This is the time of year for traditions. Long-held, new, fun, formal, religious. There are so many different kinds of traditions.
Starting a tradition is one of the first things you do when you start your new life with someone. You find something both of you can share that brings meaning to the holiday and your relationship – if you do it right.
Some traditions are planned, but I have found the traditions that end up meaning the most and last the longest are the ones that happen by accident.
Also the important thing to remember is that true, valued traditions shouldn’t be forced. We have to remember that just because something is important to us doesn’t necessarily mean they are important to other people, even our families. Which kind of sucks, because if you’re anything like me you want to share what’s important to you with the people who mean the most to you.

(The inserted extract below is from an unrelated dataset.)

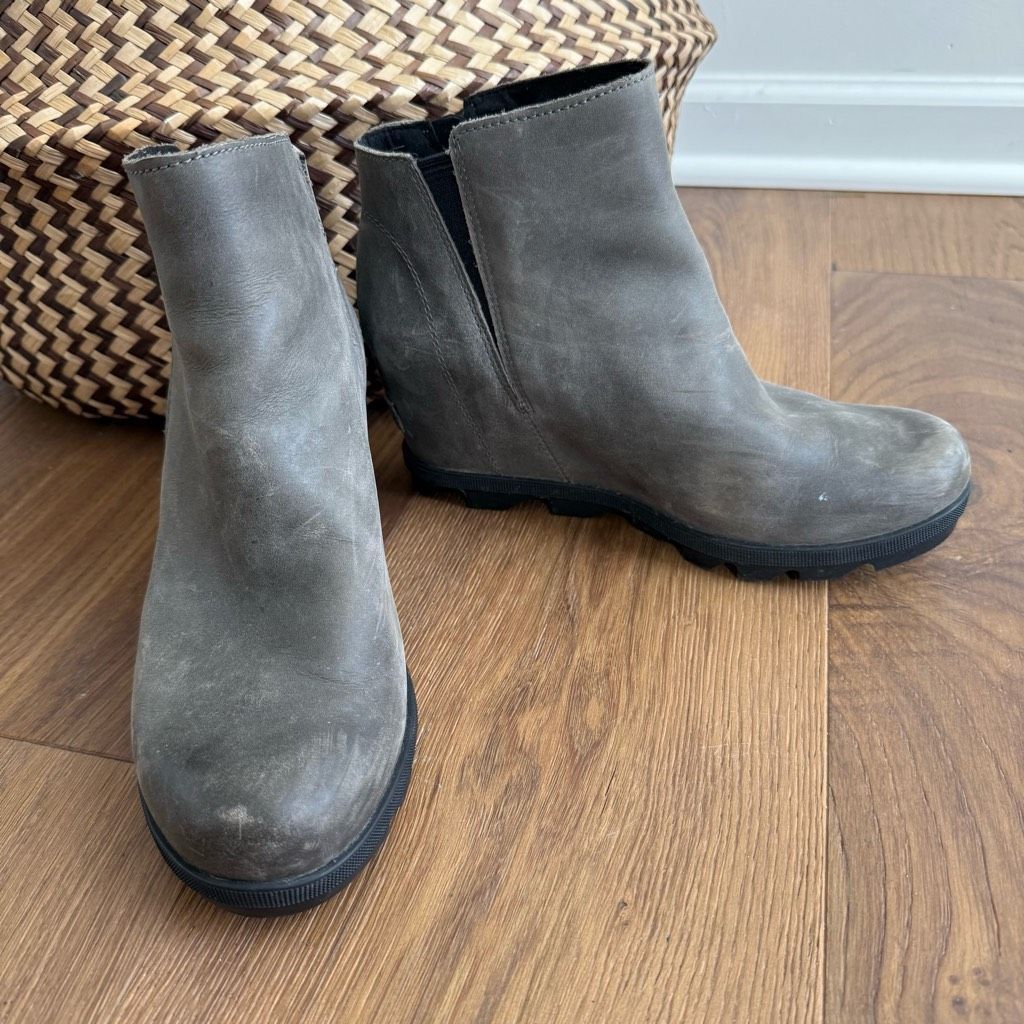 SOREL Sorel Women's Joan of Arctic Wedge II Zip Boots Quarry 8.5 Size US 8.5 / IT 38.5 - 2 Thumbnail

This is kind of tied in with the anti-gift – only giving gifts that we think are of value or that we like or understand. There can also be anti-traditions. Traditions that only we understand and want to keep.
And really why would we want to force things around the holidays and add tension to an already stressful time of year?

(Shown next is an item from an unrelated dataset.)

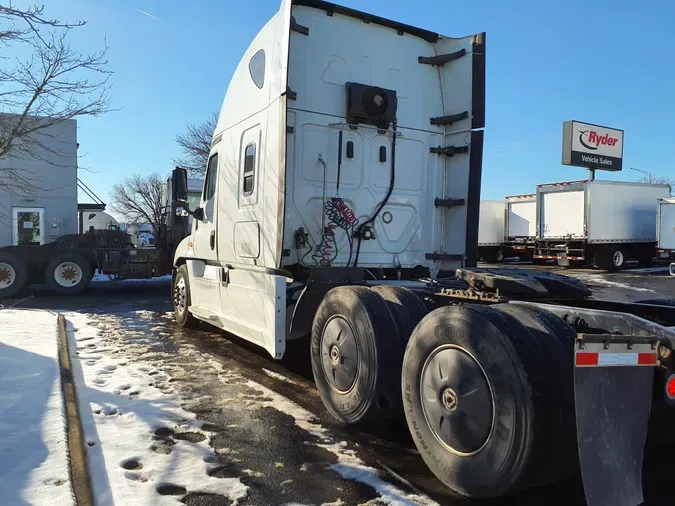 2019 FREIGHTLINER/MERCEDES CASCADIA 125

Ah, but there are traditions that are fun, spontaneous, and meaningful. The trick is to find them with another person. Those are the special traditions. The ones that happen organically, naturally and mean something to everyone involved.
I think, no, I know this has bigger implications. If we can somehow understand that holiday traditions shouldn’t be all about us then we can let go of everything else. We can think about others before us. We can be empathetic and caring and accepting.
We can start building lasting traditions that mean something to everyone in our lives.